Quelle vie après l’hôpital ?

Pour se réinsérer, les personnes souffrant de troubles psychiques ont besoin d’être suivies en ville.
Mais, en Paca, aux problèmes sociaux s’ajoutent les difficultés de logement.

Au cours de débats sur la santé mentale menés dans différentes villes de la Région, les professionnels et les associations de familles et de patients ont tenté de sensibiliser la population à ces affections qui peuvent toucher n’importe lequel d’entre nous.

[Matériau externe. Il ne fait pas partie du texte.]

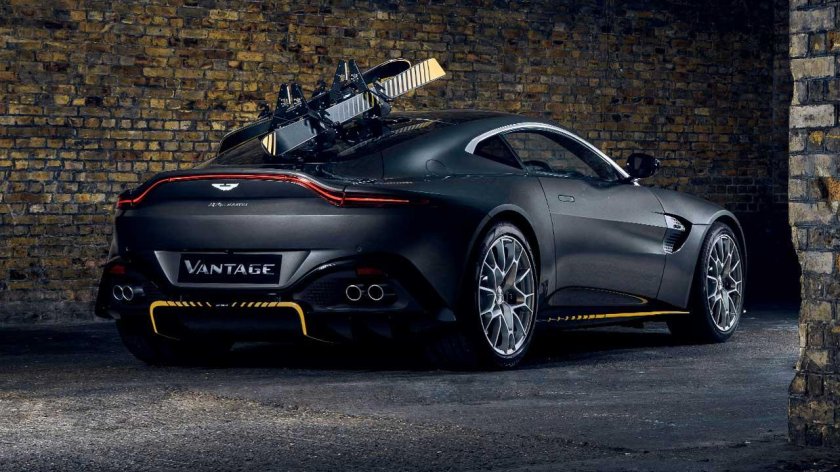 Aston Martin Vantage 2021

Les situations de précarité et le stress au travail accroissent les risques de sombrer dans les maladies psychiques, et ces dernières sont encore plus difficiles à soigner dans un contexte social dégradé.
Le logement est le premier écueil : il est impossible de soigner des personnes qui vivent dans la rue ou entassées dans des taudis, et de plus en plus difficile de trouver des appartements pour accueillir les patients sortant d’hôpital psychiatrique, en particulier dans notre Région, où le tourisme fait flamber les prix. « Il est indispensable d’installer des lits dans la cité si l’on veut tourner le dos aux pratiques d’enfermement dans les asiles, mais, avec un peu plus de 500 euros d’allocation par mois, comment se loger à Marseille ou dans une autre ville de la région ? » interroge le Dr Dolorès Torres, présidente d’Arpsydemio (voir encadré). Pour défendre le droit au logement des patients, cette association demande la création d’un plan d’hébergement thérapeutique et social.
Une fois posé ce préalable, il faut assurer le suivi des malades. Les équipes de secteur, rattachées à un hôpital psychiatrique, s’y emploient avec conviction, mais manquent de psychiatres, d’infirmiers, de psychologues, de travailleurs sociaux. L’indispensable liaison avec des partenaires extérieurs à l’hôpital est également perturbée : diminution des subventions aux associations susceptibles de créer des liens sociaux, nombre insuffisant d’assistantes sociales de quartier. Ces dernières réclament aussi une meilleure formation pour « décoder le mal-être » afin de prévenir les maladies psychiques et d’orienter les personnes en difficulté.